• sabato , 13 Luglio 2024

Arriva il “dottor algoritmo”

La sanità è emergenza per tutto il Paese.La medicina digitale sfida lobby e abitudini
Bancarotta della sanità federale o cure mediche affidate, in futuro, al “dottor algoritmo”? Scossi nelle loro certezze da una crisi economica senza fine e da vari eventi che non avevano messo in conto – cambiamento degli equilibri geopolitici, catastrofi naturali – gli americani cominciano a interrogarsi sul futuro della loro medicina costosa e inefficiente, anche se piena di eccellenze. Messa alle spalle la campagna elettorale – con la consueta retorica degli “anni migliori ancora davanti a noi” usata dai candidati per esorcizzare le difficoltà del modello Usa – gli Stati Uniti devono affrontare davvero le loro emergenze, prima fra tutte quella dello straripante debito pubblico, trainato proprio dalla crescita della spesa sanitaria. Un’impennata fin qui inarrestabile, anche per l’invecchiamento della popolazione. Ma c’è pure una macroscopica anomalia: la tecnologia, che in tutti gli altri settori economici ha abbassato i costi, nella sanità li fa esplodere. Nessun risparmio e, anzi, la moltiplicazione di esami, test, cure sofisticate e spesso di dubbia efficacia. Dottori e ospedali, fin qui, hanno opposto una sorta di resistenza passiva davanti alle nuove tecnologie della medicina digitalizzata, sviluppate e messe sul mercato da giganti come Microsoft, Cisco e Google. Colpa anche di un Congresso che, pur avendo introdotto verifiche sull’efficacia delle terapie basate sul confronto dei risultati ottenuti con vari trattamenti, si è rifiutato di inserire nell’analisi comparativa anche il criterio dei costi, oltre a quello dei risultati clinici ottenuti. «È come confrontare le prestazioni di una Ferrari con quelle di una Kia senza menzionare la differenza di prezzo», protesta, dalle colonne di Wired, Andy Grove, l’uomo che ha trasformato Intel nel gigante mondiale dei microchip. Che invoca una rivoluzione culturale nella sanità. La rivista dell’hi tech non è certo isolata nel suo tentativo di assaltare con gli strumenti delle tecnologie digitali gli oligopoli e le cittadelle protette della salute. Il magazine Fast Company elenca start up e innovatori che cercano di portare efficienza e trasparenza in un mondo nel quale non solo ancora tutto – dalle diagnosi, alle ricette, ai risultati dei test – viene veicolato su carta, ma ogni informazione è considerata riservata: quelle sullo stato di salute dei pazienti e i numeri del costo delle terapie, dei tariffari applicati, delle cifre rimborsate dalle assicurazioni.

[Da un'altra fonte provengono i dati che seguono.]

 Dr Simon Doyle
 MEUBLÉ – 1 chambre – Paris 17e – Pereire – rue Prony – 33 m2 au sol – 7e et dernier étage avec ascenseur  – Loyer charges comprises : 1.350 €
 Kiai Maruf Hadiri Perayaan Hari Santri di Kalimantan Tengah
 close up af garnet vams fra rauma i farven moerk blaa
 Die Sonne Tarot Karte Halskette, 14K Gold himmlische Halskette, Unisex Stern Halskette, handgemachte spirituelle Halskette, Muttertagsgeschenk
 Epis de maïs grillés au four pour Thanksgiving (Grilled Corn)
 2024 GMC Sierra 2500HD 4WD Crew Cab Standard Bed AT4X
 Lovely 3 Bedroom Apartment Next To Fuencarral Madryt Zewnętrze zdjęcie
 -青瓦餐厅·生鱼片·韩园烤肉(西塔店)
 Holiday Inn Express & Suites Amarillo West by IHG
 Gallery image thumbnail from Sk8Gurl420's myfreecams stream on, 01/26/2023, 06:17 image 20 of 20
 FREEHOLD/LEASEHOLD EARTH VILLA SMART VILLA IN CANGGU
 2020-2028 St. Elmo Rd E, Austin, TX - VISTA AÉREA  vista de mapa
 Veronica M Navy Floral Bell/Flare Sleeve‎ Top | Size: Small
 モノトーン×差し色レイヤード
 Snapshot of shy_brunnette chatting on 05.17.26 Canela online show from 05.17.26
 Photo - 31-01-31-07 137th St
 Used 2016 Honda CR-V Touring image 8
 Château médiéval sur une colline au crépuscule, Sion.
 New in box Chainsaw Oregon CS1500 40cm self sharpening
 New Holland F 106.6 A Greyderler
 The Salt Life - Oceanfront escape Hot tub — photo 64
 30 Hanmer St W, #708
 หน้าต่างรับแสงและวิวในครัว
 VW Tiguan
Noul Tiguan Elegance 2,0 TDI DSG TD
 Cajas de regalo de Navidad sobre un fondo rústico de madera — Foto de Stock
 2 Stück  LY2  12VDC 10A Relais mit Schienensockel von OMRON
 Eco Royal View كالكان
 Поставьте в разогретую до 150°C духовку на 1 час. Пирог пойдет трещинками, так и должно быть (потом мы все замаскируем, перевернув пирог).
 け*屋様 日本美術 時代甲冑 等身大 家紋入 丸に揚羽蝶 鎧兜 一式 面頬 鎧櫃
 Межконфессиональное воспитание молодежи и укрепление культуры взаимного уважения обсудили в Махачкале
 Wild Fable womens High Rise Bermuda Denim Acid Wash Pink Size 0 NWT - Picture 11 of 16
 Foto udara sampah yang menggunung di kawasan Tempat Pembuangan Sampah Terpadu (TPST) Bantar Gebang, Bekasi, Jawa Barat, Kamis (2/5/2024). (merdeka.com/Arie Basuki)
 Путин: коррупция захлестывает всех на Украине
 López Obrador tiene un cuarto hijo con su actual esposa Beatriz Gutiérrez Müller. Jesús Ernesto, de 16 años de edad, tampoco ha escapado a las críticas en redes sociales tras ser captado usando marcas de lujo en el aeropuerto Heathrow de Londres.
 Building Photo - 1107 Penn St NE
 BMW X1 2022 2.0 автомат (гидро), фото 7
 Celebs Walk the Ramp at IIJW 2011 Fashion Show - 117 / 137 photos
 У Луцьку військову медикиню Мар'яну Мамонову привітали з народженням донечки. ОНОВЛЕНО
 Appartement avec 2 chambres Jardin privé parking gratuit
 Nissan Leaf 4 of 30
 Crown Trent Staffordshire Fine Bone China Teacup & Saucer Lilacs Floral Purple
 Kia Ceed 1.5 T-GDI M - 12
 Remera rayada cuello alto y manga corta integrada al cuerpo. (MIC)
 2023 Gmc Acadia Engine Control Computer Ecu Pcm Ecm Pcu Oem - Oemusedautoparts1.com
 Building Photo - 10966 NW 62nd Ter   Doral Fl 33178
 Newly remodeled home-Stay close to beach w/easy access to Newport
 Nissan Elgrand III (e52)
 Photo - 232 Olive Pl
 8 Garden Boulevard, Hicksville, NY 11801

È tutta la Silicon Valley, ora, che si sta mobilitando per scardinare questi meccanismi, creando software e applicazioni per smartphone che aiutano i medici a fare più rapidamente (e magari a distanza) una diagnosi. Ma che servono anche a confrontare i costi e individuare gli sprechi. Aziende come Rock Health, per cui lavora Halle Tecco, ex DreamWorks, lo studio cinematografico di Spielberg. O Massive Health il cui cofondatore, Aza Raskin, è convinto che i geni del tech debbano smettere di sognare imprese spaziali – come fanno Jeff Bezos e Paul Allen – o di consumarsi tra Twitter e Facebook, per dedicarsi alla missione-salute. Funzionerà? Non è la prima volta che la Silicon Valley prova a darsi una nuova missione: anni fa ha tentato di trasformarsi nella “valle verde” delle tecnologie dell’energia pulita e non ha funzionato granché. Con la sanità, blindata da lobby potentissime, potrebbe non andare meglio. A meno che un bilancio federale a rischio bancarotta e l’interesse delle assicurazioni a comprimere i costi non lascino più spazi ai profeti della medicina digitalizzata. Dove, però, la personalizzazione della cura rischia di non essere tanto quella del farmaco su misura creato dall’industria biotech (procedura comunque costosa), ma quella di un meccanismo automatico – con intervento minimo o nullo dell’uomo – che arriva alla terapia combinando i dati del paziente: il medico-algoritmo. Che non piace, anche se, secondo gli esperti, sbaglia meno di quello reale.